Behind his professional image, Verhoeven was also portrayed as a deeply devoted man to his then heavily pregnant wife Irene. And because of the nature of his job, he felt a deep sense of guilt for not spending enough time with her.
Her face had changed, and Camille felt a pang of dread because suddenly the distance between them seemed unbridgeable. Even as she watched the passers-by, her hands clasped over her stomach, Irene had retreated into her own little world, into the mystery of the life frowning within her, and Camille felt excluded…
On its own, “Irene” is a gripping thriller that would terrorize your mind and tear your heart apart at the same time. But if I were to nitpick, the writing style in “Irene” differs from the later two books.

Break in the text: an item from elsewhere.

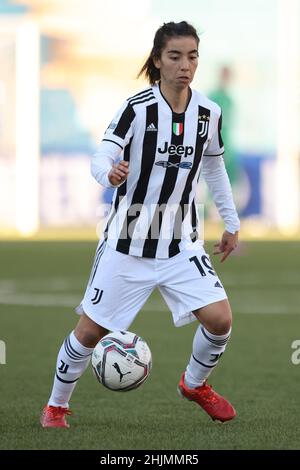 Lecco, Italie, 30th janvier 2022.Annahita Zamanien de Juventus pendant le match de coppa Italia Femminile au Stadio Mario Rigamonti, Lecco.Le crédit photo devrait se lire: Jonathan Moscrop / Sportimage Banque D'Images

It was written only from Verhoeven’s point of view unlike the others that switched narration, rotating it among the detective, the criminal and the victim. This made “Irene’s” plot relatively flatter without the detailed psychological dissection of each character’s motives and emotions that made the series stand out for me.
As a befitting end to this series, the author brought back many old and familiar names into Camille that almost screams of déjà vu. But the woman in Verhoeven’s life has changed and more importantly, his character has evolved from a career-minded and determined commandant to become a jaded individual haunted by shadows from the past. The dark humor that lighted the tense mood in “Alex” was largely eliminated in Camille and replaced with guilt and impatience.
He [Camille] has been a complete idiot: he is behaving as though he has no faith in his colleagues, a dangerous thing for a man with precious little faith in himself… In this case he has allowed his intuition, usually his greatest asset, to turn to emotion, to recklessness, to blind anger.
I cannot recommend highly enough this series for anyone who loves noir crime, and it is also the main reason I have decided to make this my first review for the new year.